**Data provided:**
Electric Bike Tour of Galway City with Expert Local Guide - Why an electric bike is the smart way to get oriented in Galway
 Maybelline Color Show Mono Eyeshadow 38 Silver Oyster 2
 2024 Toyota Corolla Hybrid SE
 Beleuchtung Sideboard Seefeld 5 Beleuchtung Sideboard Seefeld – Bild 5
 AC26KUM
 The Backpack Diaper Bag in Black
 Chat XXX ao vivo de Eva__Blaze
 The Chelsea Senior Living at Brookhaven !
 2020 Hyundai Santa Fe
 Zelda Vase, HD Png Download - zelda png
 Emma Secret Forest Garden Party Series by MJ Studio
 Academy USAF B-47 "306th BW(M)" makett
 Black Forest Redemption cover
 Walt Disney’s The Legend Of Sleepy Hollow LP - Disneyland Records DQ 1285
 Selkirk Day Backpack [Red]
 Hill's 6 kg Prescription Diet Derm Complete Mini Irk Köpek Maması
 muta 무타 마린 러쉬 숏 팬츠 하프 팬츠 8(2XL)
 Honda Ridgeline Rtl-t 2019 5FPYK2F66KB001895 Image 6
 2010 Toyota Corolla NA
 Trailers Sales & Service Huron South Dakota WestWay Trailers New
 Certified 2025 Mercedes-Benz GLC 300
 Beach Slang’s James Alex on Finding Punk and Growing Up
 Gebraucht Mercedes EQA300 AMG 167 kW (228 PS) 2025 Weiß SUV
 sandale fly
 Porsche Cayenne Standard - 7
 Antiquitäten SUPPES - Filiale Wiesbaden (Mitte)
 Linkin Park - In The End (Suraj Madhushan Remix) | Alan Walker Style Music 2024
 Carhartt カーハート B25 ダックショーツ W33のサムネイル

**Task requirements:** Every line from the one containing "Linkin Park - In" through the last line of the entries should be output exactly; nothing else belongs in the reply.

**Answer to this task:**
 Linkin Park - In The End (Suraj Madhushan Remix) | Alan Walker Style Music 2024
 Carhartt カーハート B25 ダックショーツ W33のサムネイル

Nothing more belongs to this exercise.